若弥尾命はその三世孫で、野間姫命は若弥尾命の后神。

飽速玉命を主神として、若弥尾命と野間姫命を配神とする説もあるようです。

『式内社の研究』によれば当社後ろに若弥尾命の古墳があるとのことですが、未確認。

 

 

須佐之男命は中世〜近世にかけて牛頭天王が祭神とされていた時期があったからかとも思えますが、後述のように須佐之男命にまつわる伝承も残っているので、何とも言えません。

奥の院「石神さん」

当社の南西500mほどの所に「石神さん」と呼ばれる巨岩があり、当社の奥の院とされています。

 

『豫陽郡郷俚諺集』には「社の奥に大なる岩あり、彼神の御足跡駒の足跡とてあり、誠に舊地と見へたり」とあります。ただし地元では馬ではなく牛だとされているようです(下記の伝承に基くか)。

伝承によれば、須佐之男命が紀伊から航海してきた時に乗ってきた楠の船が長い年月の間に化石になったもの。かつては、須佐之男命の足跡と、乗ってきた牛のえさおけが残っていたのだとか。

 

石神さん(と思われる岩)

 

場所はこの辺(座標34.047667, 132.953889あたり、直リンク

 

野間神社の宮司さんに神社南西の池の近くとお聞きして探してみたのですが、全く見つからず。

近くのみかん畑にいらした地元の方に案内していただき見つけることができました。

以前は岩の周辺が畑で、東の道から畑の中を通る道があってわかりやすかったそうなのですが、その畑が藪と化しており、枝やロープ(畑だった時に棚として使っていたらしい)を切断しながら進まなければならない状態でした。

岩の南にも道があり、かつては農道として軽トラが通れるしっかりした道だったそうですが、台風被害で崩落しています(歩きなら通れないことはなく、こちらから行く方が楽かも)。

現在は特に祭祀は行われていないようです。

 

絡まった枝をどかして足跡を探そうかとも思いましたが、触るとお腹が痛くなるそうなのでやめておきました。

 

今治地方の伝説集(今治商工会議所サイト内)から引用

昔、紀伊の国(今の和歌山県)から幾日も航海されて、現在の大西町九王(旧大井村)のあたりにお着きになった須佐之男命は、天の磐く樟船(普通『磐く樟船』と言えば神話に出てくる伊弉諾尊<いざなぎのみこと>、伊弉諾尊の子、蛭児(伊弉諾伊弉冉<いざなぎいざなみ>二神の間に最初に生まれた子)を乗せて流したという、楠の木で造った堅固な船をいいますが、ここではこの船とは関係なしに、同型の楠の木でつくった船だといわれています。
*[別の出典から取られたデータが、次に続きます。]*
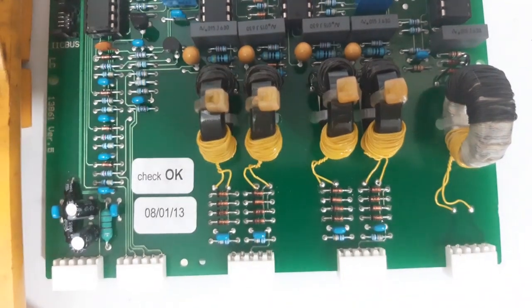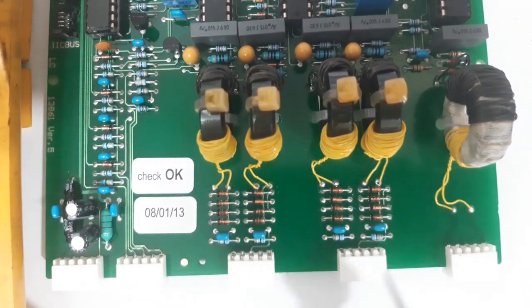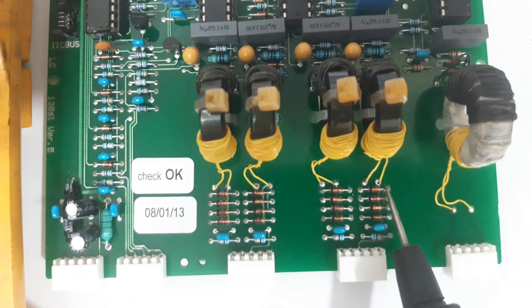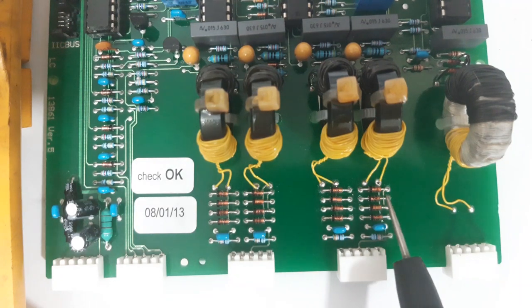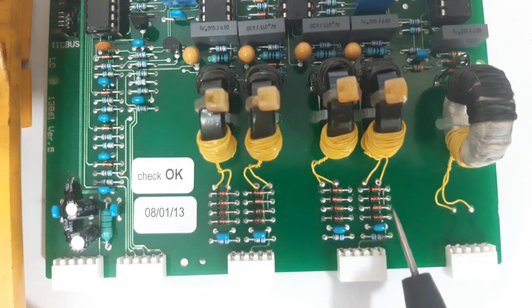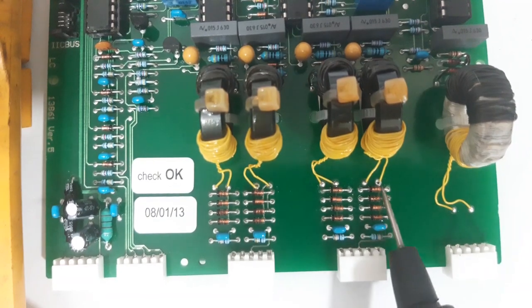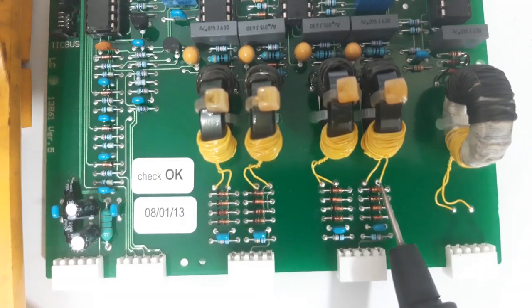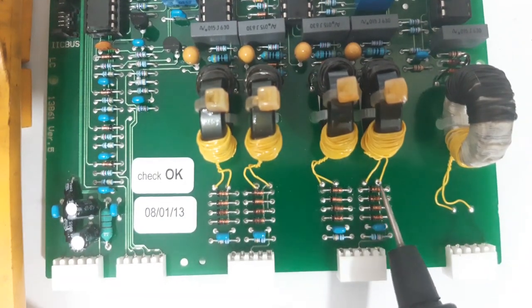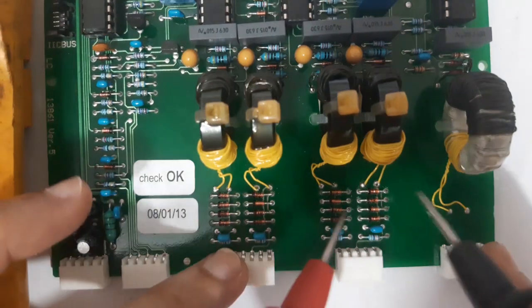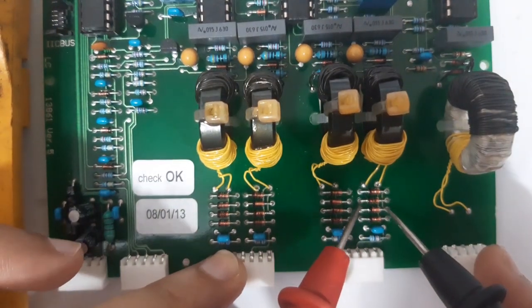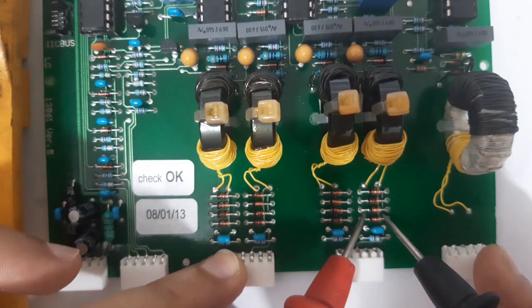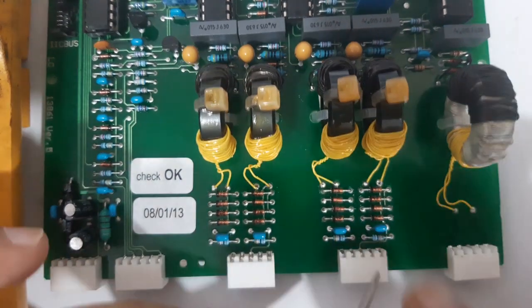Now if these diodes are in parallel, it doesn't mean that all of them are short. Maybe only one. In order to check that, we have to remove at least one pin of the diode so that we will know if they are all short or only a few of them are short.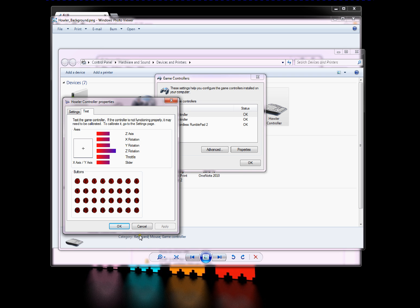So that's pretty much how you upgrade the firmware on the HALR controller. If anyone has any questions, just send me an email. Thanks. Bye.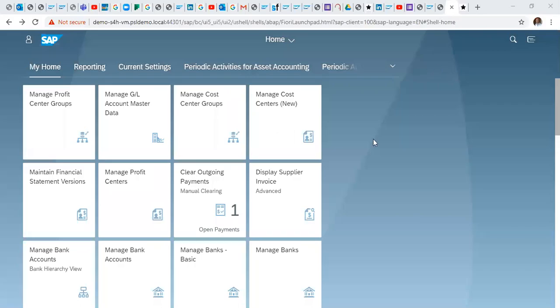Hello, welcome to our series on SAP S4HANA Financial Accounting and Controlling. In our previous video we looked at the creation of the Profit Center. In this video we want to look at how we can create our cost center.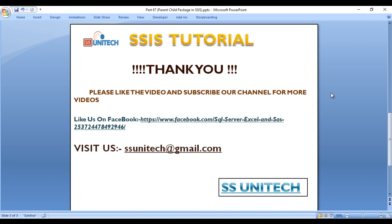Thank you so much for watching this video. If you like this video, please subscribe our channel to get many more videos. Don't forget to press the bell icon to get notification of our newly uploaded videos. Thank you so much.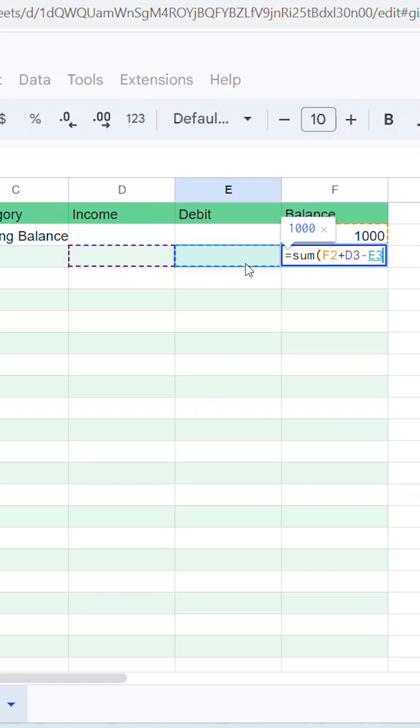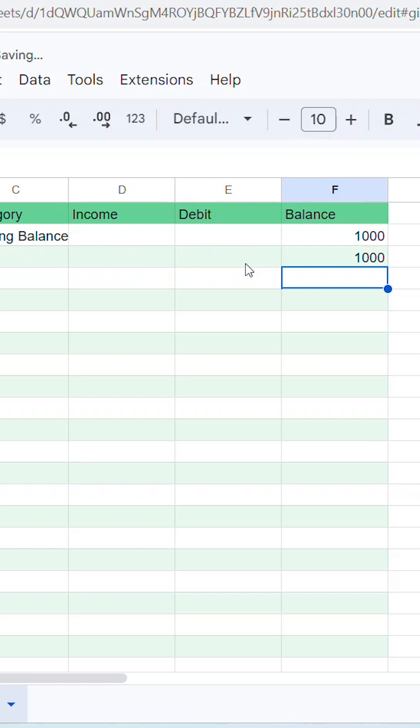Then select the first open cell in the Income column. Then the minus sign on your keyboard. Then select the first open cell in the Debits column. Then hit Enter.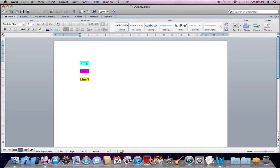But this is a huge, huge problem. Because I want to color code some stuff and I think I'm just going to shift to iWork and start using Pages instead of Microsoft Word. I spent a lot of money on this and I'm not very happy, to be honest. Anyway, just wanted to highlight this issue. Thank you.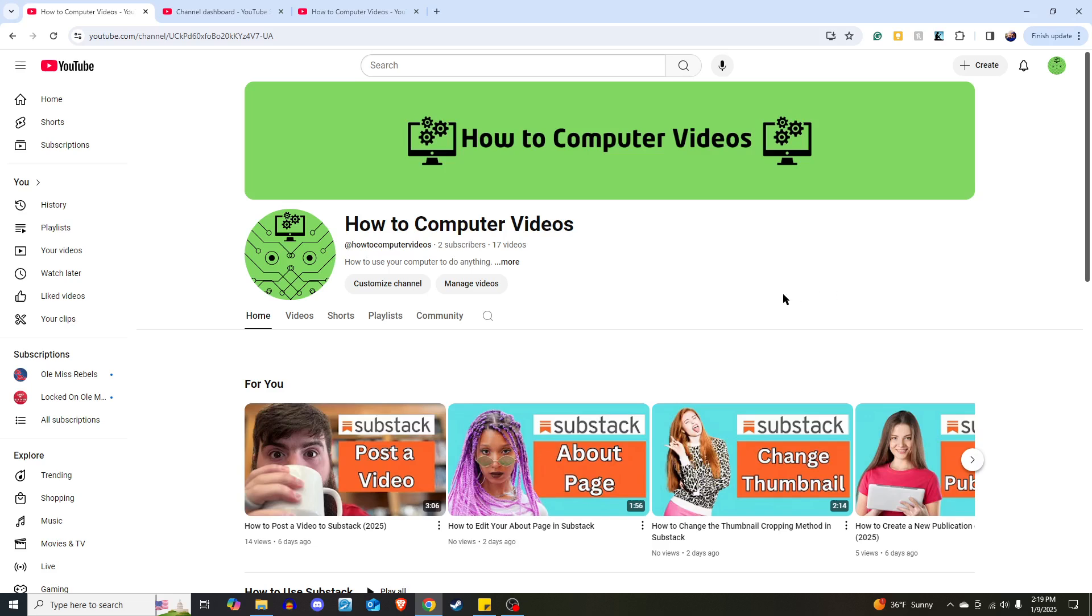So that is how you edit the navigation bar on Substack.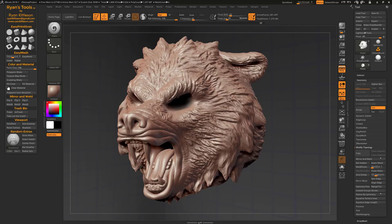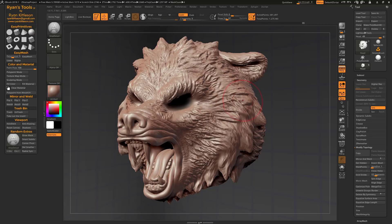First, an upgrade to one of your favorites: the AMP Detail Brush. It's great for instantly exaggerating detail. It used to work only on models with subdivision levels, but now it works on any model — like this model that is Dynamesh without subdivision levels. So just brush on that exaggerated detail.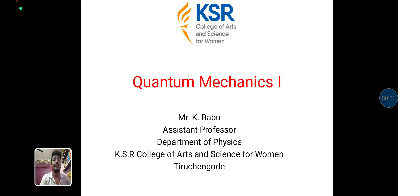Hello everyone, I am Mr. K. Babu, Assistant Professor, Department of Physics, K.S.R. College of Arts and Science for VIMAD. In this lecture and video, we are going to discuss about basic quantum mechanics concepts.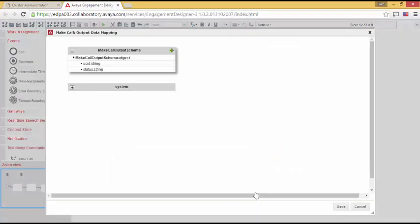Opening up Output Mapping displays the values produced when Make Call runs. Specifically, we see Universal Call ID, or UCID, and Status. We need UCID for future operations and need to make it available to other tasks.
)で品部川を上られました。船から降りられた須佐之男命は、更に牛に乗られて、今の宅間、野間、延喜を経て阿方のあたりを通られようとしました。ところが、阿方の村人の中に、随分意地の悪い者がいて不浄物をかけるなど色々と悪だくみをし、わざと須佐之男命の通られるのを邪魔しました。須佐之男命はいたし方なく、矢田の方にまわられ神宮の地にお着きになりました。ご自身が乗って来られた磐く樟船を置かれた神宮の奥の熊野峰というところで、牛に食物を与えてご自身も休まれました。この磐く樟船が、長い年月の間に化石になったといわれており、今は摩滅して跡を見ることは出来ませんが、古老の話では、以前は須佐之男命のご足跡と牛のえさおけの跡が残っていたそうです。-「予陽俚諺集」には駒(馬)の足跡とありますが、この地の人は牛のように語り伝えています。-古老の話では、明治の始めころまでは、野間神社の祭礼の時に、この石の上に神輿を乗せてお祭りをしたということです。野間神社には、御祭神のお一人として須佐之男命をお祭りしておりますが、その元をたぐれば、案外この巨石を対象として発達してきたのかもしれません。一般にこの巨石は磐境<いわさか>とか磐座<いわくら>といって、神がご座されているものだと考えられていたようです。この地の人は、この巨石を「石神さん」と呼んでいます。この「石神さん」は、野間神社から約一キロ足らず離れた向という部落の奥にあります。なお、この阿方と山路を、須佐之男命が通らなかったということから、旧乃万村のうち阿方と山路は、野間神社の氏子に入っていないのだといい伝えられています。

 

石神さんを探している時に見つけた巨岩

石神さんよりも南、砂防ダム沿いに登っていったところの斜面にあります。

他にも巨岩があったのですが、これらもかつては何かしら祀られていた経緯があるのでしょうか。

御朱印

御朱印はあります。

参道途中にある宮司さん宅にて拝受可。

アクセス

県道から少し脇道を入ったところにあります。それほど奥まったところではないですが、道が入り組んでいてわかりづらいかも。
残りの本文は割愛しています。